Quebec immigrant advocates want essential services excluded from Bill 96


More than 20 academics and people helping newcomers settle in Quebec are working on an open letter to the province that says it must exempt essential public services from Bill 96, its controversial reform bill. linguistic.

“This will prevent people from getting the services they need,” said Jill Hanley, professor in the School of Social Work at McGill University and one of the signatories.

The group is particularly concerned about a provision in the bill that says that after immigrants have been in the province for six months, all government communications with them will be in French.

“We think it’s a human rights issue, it’s a public health issue, it’s a social issue,” Hanley said.

Quebec affirms that the objective of Bill 96 is to increase the use of French in public and in the workplace and that it makes exceptions for “historical” Anglophones – anyone who was educated in Canada. in English – and indigenous peoples, when it comes to receiving services.

The bill was introduced in May after studies showed that the use of French was declining across the province, particularly in Montreal, and that it uses the notwithstanding clause to prevent legal challenges.

The bill has been the subject of several hearings in the National Assembly and is still under consideration but has elicited many reactions, mainly from the English-speaking community.

Not enough time

Garine Papazian-Zohrabian, associate professor in educational psychology at the University of Montreal, has just completed a study on the francization of immigrants. She says she is concerned about those who are most vulnerable: immigrants, refugees and asylum seekers who come with “heavy baggage” and often little money or education.

“Six months is not enough,” she said. “All the studies show that the more difficulties, trauma, loss they have – the more they have difficulty adjusting, the less able they are to learn.”

Papazian-Zohrabian says learning a new language is often not the top priority for people who come to Quebec to escape dangerous life situations. She points to the hundreds of recent immigrants from Afghanistan, who left after the Taliban took control of their country.

“They are stressed, they have lost family, they have lost friends, they are grieving, they are suffering from post-traumatic stress disorder, they have to adapt,” she said.

“Integration is not just about learning the language. First of all, it is about feeling accepted, feeling that they have a place in this country, feeling safe.”

“I think there is an oversight in this bill, perhaps without the intention of the government,” Hanley said. “It actually blocks access to social, health and economic rights for the most vulnerable people.”

Garine Papazian-Zohrabian is Associate Professor in Educational Psychology at the University of Montreal. She says new immigrants to Quebec often flee difficult and dangerous situations and need more than six months to learn basic French. (Submitted by Janet Cleveland)

Social and health services not included, according to the ministry

Justice Minister Simon Jolin-Barrette, who is also Minister responsible for the French language, insisted that Bill 96 will not affect Quebec’s law on health and social services. In a statement to CBC, his office said the bill will have “no impact” on access to health services and will provide other safety exceptions.

Jolin-Barrette’s office says a “pillar of reform” proposed in Bill 96 is to ensure that the province sets a high standard.

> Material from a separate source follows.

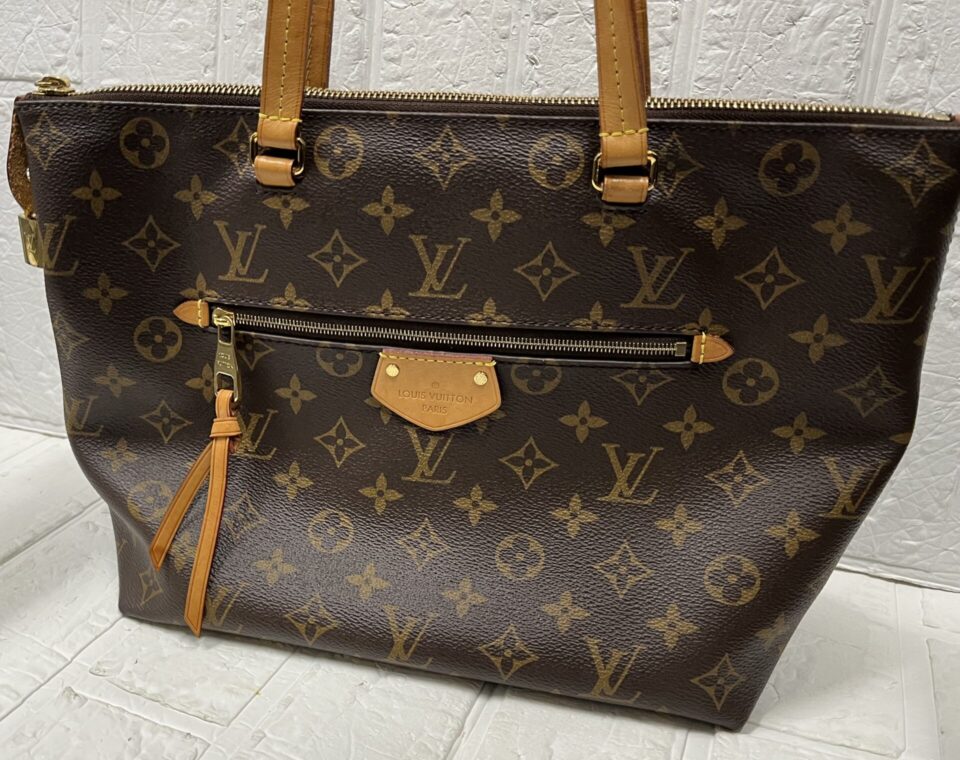 鹿児島市でブランド品の買取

He says that under the new rules, the Quebec bureaucracy will communicate with immigrants in French from the start, with some flexibility for specific situations that require the use of a language other than French during their six years. first months in the province.

Currently, according to the Department of Justice, Quebec interacts with immigrants in languages ​​other than French on demand for years, and sometimes throughout their lives. This is a situation, says the ministry, which does not promote integration into French-speaking society.

The ministry says it understands that the time it takes to learn French is unique to each individual and, under the bill, a new francization program will be created to offer a more simplified, personalized approach that is supposed to be better suited to students. immigrants.

Language screening

Hanley says the law will create what she calls “procedural nonsense.” She gives the example of a migrant farm worker who wishes to report an accident at work and speaks only English or Spanish.

“How is the person on the other side supposed to determine whether or not they have the right to speak with them in English?” ” she asked. “How is a farm worker supposed to convince the worker that he has the right to speak in Spanish?” “

“You should almost do a pre-screening on the person’s right to speak which language before you start doing the service. “

“It’s ridiculous, it’s not going to work. It’s going to create problems in emergency rooms, it will create problems in government waiting rooms … in online access.”

The Department of Justice says it is always open to ideas on how to better protect and promote the French language in Quebec.

He indicated that a detailed study of Bill 96 is still pending and that the government will indicate how it intends to proceed with the bill in due course.